**Supplied data**.
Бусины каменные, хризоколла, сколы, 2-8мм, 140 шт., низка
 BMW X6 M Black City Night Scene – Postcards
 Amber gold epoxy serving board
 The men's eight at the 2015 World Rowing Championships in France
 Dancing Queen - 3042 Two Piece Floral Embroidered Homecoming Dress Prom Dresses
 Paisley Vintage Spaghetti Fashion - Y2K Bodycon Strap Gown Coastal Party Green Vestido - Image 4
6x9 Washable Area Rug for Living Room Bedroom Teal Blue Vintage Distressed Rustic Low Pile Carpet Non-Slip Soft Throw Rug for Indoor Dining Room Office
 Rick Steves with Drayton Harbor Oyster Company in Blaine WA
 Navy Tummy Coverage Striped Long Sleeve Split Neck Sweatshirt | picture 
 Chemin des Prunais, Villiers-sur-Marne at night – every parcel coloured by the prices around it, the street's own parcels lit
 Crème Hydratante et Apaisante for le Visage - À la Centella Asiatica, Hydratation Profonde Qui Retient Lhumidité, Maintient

**Problem**. In the listing above, the line containing "Amber gold epoxy serving board" and all lines after it are to be restated word for word.

**Result**.
 Amber gold epoxy serving board
 The men's eight at the 2015 World Rowing Championships in France
 Dancing Queen - 3042 Two Piece Floral Embroidered Homecoming Dress Prom Dresses
 Paisley Vintage Spaghetti Fashion - Y2K Bodycon Strap Gown Coastal Party Green Vestido - Image 4
6x9 Washable Area Rug for Living Room Bedroom Teal Blue Vintage Distressed Rustic Low Pile Carpet Non-Slip Soft Throw Rug for Indoor Dining Room Office
 Rick Steves with Drayton Harbor Oyster Company in Blaine WA
 Navy Tummy Coverage Striped Long Sleeve Split Neck Sweatshirt | picture 
 Chemin des Prunais, Villiers-sur-Marne at night – every parcel coloured by the prices around it, the street's own parcels lit
 Crème Hydratante et Apaisante for le Visage - À la Centella Asiatica, Hydratation Profonde Qui Retient Lhumidité, Maintient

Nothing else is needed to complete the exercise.